What makes your book stand out from its competitors?
This textbook is engaging and readable. Even without the benefit of using it in the context of a graduate or undergraduate course, a diligent reader could learn a considerable amount about The Development Process by simply reading this textbook and thoughtfully applying the material to the built environment around them.
What one piece of advice would you give to students studying Real Estate today?
Real estate development and finance is an enormously complex process: The details always matter. To be successful in real estate development and finance, students need to have and maintain a 30,000-foot view of things (aka “the big picture”), while also paying close attention to the minutia. In the final analysis, real estate development and finance are fundamentally about problem-solving.
Tell us an unusual fact about yourself.
Fundamentally, I think of myself as a teacher and writer, although it took me decades following graduation from Georgetown Law to come to this realization. However, on reflection, I probably should have been an artist—a furniture designer/maker, custom builder, metal sculptor or perhaps a musician—as a full time avocation, because I have a deep desire and need to design and create things. I revered and respected art and artists from a very early age but didn’t recognize my own passion for things like architecture and design, drawing, painting, and sculpture until after I had graduated from law school.

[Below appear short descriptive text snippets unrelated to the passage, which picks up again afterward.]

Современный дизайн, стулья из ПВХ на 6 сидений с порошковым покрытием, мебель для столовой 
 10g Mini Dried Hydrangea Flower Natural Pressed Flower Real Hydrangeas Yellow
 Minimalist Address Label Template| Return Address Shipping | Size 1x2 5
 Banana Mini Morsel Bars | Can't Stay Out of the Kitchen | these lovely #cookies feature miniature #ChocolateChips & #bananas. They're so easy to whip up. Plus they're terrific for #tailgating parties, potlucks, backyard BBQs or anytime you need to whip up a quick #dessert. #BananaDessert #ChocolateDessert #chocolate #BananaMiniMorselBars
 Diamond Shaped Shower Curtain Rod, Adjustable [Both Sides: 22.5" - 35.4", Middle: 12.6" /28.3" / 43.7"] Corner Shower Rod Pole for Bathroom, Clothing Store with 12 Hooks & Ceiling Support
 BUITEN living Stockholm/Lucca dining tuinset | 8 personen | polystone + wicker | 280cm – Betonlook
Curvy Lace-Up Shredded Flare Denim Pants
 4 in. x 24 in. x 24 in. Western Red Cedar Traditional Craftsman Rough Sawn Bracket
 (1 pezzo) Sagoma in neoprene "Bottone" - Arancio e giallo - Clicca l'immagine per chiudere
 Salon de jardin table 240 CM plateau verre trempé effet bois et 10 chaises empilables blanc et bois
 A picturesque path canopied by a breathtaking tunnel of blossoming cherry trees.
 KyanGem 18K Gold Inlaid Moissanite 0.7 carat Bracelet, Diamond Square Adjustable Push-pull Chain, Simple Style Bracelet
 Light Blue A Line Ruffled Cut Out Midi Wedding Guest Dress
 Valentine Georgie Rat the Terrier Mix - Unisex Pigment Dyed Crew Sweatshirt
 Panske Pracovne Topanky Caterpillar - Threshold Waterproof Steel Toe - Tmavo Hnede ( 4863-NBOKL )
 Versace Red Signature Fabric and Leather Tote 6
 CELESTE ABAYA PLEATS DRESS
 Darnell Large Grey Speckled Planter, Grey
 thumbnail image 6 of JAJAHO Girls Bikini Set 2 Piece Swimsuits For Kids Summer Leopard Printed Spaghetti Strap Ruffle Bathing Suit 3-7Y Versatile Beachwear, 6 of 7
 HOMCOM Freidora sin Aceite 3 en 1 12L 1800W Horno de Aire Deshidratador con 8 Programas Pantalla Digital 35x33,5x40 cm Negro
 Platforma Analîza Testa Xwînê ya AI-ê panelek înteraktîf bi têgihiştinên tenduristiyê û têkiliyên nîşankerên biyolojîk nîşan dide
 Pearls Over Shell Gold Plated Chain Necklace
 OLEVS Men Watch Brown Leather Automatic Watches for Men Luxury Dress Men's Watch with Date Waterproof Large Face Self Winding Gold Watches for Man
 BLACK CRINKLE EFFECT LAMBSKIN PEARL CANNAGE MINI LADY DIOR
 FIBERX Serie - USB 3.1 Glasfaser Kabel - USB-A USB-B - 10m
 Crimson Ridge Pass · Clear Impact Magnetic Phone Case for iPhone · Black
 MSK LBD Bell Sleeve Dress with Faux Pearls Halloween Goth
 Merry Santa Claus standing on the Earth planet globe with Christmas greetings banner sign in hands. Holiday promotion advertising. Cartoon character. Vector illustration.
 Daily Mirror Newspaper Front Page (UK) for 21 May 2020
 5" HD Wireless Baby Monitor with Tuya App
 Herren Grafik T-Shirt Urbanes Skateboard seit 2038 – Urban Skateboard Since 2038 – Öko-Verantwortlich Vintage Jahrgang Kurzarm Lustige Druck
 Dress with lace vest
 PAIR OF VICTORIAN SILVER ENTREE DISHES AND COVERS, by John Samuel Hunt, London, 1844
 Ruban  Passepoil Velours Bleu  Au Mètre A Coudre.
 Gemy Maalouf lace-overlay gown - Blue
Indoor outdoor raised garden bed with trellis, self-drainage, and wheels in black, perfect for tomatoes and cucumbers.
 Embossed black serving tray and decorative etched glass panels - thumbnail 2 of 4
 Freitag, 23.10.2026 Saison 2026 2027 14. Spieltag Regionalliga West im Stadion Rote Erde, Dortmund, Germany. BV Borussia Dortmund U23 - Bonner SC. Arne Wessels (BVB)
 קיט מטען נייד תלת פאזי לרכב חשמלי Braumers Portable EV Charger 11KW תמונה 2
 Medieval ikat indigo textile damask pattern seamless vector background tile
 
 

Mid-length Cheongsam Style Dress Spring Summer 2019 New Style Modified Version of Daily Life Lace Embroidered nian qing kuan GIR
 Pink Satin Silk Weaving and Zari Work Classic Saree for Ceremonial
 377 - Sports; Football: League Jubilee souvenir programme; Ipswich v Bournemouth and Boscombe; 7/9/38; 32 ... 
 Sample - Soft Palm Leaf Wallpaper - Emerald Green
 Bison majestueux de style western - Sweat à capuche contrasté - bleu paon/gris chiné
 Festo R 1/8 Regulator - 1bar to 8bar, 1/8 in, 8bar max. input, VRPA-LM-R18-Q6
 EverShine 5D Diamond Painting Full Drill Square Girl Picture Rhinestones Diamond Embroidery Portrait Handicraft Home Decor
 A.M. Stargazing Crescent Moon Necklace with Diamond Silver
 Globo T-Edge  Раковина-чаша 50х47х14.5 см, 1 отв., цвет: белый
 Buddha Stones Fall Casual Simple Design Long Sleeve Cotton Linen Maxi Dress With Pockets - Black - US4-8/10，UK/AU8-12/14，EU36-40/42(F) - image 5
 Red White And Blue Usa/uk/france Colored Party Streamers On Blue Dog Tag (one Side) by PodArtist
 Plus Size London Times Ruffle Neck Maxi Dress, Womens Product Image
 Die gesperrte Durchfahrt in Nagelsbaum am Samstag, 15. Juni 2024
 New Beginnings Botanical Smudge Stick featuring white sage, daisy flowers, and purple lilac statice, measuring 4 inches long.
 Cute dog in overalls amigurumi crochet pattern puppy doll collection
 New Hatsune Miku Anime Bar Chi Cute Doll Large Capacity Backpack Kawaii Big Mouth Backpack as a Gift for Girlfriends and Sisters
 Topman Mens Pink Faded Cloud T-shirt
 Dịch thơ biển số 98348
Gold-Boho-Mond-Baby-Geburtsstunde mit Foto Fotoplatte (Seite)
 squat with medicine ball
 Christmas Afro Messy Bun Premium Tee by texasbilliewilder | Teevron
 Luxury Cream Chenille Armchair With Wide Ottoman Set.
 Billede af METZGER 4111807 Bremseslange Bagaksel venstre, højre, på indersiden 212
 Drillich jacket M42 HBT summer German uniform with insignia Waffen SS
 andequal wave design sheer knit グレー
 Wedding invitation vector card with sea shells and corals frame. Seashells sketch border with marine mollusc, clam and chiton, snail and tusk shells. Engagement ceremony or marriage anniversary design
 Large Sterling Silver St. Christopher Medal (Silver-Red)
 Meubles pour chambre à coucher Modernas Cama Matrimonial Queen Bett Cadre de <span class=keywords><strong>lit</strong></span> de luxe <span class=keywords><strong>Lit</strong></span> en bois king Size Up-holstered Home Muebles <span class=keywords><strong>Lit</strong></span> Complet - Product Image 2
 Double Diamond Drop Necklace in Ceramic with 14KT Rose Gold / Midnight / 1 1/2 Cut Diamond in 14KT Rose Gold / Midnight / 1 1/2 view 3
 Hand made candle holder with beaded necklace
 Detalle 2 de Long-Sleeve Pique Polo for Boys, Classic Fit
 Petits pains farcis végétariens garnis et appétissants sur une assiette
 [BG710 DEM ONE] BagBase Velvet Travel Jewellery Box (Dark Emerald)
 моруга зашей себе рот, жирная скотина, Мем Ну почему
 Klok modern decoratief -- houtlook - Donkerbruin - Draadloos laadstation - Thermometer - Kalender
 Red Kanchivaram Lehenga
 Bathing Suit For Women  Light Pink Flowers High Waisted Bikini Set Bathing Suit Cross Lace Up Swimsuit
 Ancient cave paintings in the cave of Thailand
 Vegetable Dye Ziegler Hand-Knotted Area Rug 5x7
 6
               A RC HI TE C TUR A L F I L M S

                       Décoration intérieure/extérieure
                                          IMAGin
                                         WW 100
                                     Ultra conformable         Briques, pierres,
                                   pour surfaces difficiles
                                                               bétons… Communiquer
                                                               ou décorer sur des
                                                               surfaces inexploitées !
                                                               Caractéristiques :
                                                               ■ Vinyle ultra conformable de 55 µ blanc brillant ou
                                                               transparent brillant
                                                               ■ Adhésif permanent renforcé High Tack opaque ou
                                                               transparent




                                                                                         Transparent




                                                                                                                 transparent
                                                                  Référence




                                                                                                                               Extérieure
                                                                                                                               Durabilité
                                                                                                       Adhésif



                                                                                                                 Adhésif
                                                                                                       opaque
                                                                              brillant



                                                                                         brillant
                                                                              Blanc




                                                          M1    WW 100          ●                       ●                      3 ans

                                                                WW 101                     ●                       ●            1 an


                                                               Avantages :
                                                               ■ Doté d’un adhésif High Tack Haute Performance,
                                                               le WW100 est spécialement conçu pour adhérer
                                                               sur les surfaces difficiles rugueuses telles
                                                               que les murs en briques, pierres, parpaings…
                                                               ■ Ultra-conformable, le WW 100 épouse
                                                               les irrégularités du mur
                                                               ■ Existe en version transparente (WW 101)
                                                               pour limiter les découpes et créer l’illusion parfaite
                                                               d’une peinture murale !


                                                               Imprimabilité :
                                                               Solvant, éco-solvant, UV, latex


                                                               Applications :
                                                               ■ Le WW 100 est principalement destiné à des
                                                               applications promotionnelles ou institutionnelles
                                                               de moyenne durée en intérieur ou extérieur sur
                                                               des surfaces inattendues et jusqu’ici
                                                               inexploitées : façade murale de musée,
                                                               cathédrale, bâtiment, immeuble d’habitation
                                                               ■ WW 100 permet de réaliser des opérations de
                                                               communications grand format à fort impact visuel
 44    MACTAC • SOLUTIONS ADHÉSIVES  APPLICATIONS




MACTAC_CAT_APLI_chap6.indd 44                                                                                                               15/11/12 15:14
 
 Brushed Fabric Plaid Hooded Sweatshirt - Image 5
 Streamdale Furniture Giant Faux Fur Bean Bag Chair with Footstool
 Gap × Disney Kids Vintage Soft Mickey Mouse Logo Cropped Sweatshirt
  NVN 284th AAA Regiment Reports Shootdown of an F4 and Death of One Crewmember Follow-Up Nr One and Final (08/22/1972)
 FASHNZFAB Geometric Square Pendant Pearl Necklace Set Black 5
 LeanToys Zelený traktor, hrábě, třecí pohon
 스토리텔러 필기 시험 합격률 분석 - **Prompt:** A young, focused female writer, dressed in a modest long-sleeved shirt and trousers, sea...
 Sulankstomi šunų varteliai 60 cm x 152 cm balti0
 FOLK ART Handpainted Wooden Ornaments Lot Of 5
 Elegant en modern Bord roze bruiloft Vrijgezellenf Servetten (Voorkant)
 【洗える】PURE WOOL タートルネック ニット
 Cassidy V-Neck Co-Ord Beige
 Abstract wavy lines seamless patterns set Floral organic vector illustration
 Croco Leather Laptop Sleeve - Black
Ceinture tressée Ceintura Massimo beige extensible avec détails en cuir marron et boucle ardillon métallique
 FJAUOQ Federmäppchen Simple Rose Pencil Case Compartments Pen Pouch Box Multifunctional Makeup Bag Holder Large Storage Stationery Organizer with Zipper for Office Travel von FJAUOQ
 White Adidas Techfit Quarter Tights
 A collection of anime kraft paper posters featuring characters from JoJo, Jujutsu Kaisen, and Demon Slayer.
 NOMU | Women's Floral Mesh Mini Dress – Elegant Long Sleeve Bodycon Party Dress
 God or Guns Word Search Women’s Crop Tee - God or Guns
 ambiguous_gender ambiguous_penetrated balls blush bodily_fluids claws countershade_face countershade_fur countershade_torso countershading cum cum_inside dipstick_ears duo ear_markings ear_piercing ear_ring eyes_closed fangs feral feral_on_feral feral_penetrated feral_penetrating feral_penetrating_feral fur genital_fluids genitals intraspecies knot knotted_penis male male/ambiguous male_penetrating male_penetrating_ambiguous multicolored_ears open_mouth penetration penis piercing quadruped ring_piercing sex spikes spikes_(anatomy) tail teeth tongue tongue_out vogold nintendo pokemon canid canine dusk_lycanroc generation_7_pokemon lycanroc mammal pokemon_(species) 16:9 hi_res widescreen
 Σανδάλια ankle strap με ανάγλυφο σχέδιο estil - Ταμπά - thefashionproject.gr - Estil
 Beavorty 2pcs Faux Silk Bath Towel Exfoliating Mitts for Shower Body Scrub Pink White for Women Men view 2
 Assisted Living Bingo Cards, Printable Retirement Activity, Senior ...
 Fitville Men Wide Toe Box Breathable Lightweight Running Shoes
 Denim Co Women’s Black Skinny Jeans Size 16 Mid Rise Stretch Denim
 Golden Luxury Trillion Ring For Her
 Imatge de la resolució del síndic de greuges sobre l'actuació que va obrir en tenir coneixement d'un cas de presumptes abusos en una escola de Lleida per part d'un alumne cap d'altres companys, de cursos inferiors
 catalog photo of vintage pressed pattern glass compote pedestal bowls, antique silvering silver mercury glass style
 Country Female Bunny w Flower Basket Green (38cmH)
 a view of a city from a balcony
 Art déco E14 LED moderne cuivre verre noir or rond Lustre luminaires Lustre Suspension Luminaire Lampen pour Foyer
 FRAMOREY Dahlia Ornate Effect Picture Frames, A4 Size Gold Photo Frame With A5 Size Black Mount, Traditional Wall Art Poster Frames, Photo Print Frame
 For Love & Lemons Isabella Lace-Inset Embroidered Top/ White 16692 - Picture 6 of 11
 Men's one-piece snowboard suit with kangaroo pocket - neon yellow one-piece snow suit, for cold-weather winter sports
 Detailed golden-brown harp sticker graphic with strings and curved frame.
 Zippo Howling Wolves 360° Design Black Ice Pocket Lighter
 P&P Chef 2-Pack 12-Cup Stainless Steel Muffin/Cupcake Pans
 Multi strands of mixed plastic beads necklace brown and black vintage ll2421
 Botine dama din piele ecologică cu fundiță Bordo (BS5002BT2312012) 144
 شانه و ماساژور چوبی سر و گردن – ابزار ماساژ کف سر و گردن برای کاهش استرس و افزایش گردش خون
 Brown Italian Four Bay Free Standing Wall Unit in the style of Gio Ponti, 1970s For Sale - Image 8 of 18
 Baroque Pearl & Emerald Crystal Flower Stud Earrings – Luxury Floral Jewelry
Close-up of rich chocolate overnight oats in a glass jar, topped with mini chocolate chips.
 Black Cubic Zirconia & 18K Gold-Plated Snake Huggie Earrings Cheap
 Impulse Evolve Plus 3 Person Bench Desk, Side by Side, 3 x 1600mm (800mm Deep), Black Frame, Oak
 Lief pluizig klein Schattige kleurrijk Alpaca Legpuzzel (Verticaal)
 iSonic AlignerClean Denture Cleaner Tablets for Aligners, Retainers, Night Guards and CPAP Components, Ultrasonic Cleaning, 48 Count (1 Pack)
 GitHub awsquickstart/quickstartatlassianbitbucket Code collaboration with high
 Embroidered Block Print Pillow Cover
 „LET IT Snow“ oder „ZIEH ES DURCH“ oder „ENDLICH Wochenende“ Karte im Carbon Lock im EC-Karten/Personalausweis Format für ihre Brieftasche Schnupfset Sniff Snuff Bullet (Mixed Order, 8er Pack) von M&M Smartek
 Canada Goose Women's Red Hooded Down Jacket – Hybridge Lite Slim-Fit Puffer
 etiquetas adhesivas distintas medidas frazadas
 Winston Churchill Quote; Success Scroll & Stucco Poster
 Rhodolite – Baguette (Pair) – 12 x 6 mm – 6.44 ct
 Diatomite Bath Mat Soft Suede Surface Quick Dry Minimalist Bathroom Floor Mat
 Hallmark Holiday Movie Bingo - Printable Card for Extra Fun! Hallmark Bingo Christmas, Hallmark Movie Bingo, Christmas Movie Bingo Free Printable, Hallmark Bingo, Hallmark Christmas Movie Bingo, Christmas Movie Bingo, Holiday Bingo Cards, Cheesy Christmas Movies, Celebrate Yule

My parents were both professionals (my father was an official in the Greek Embassy; my mother was a medical doctor) so there was considerable pressure not only to go to college after high school but also professional school. I had no social context or educational background for architecture as a profession, for example, so it just wasn’t on my radar screen in college; the arts were not favorably viewed as a career choice. I have devoted considerable time to satisfying my creative passions indirectly--for example, founding Del Ray Artisans Center in Alexandria, Virginia, in 1992, and serving as a Founding Director and executive officer of the Washington Architectural Forum in Washington, D.C.—as well as directly, having designed and implemented the complete renovation of my wife’s and my first home, in Alexandria’s Del Ray community, including building a woodworking studio from the ground up and designing all of the built-ins; more recently, I have made substantial renovation to our current home in Falls Church, Virginia.
Overall I have spent less time than I would have liked actually designing and making things. So, perhaps this will be my next career move: Designer and functional artist. I do, however, think of my real estate law course and new textbook--Real Estate Law: Fundamentals for The Development Process (Routledge, NOV 2016)--as an act of creation.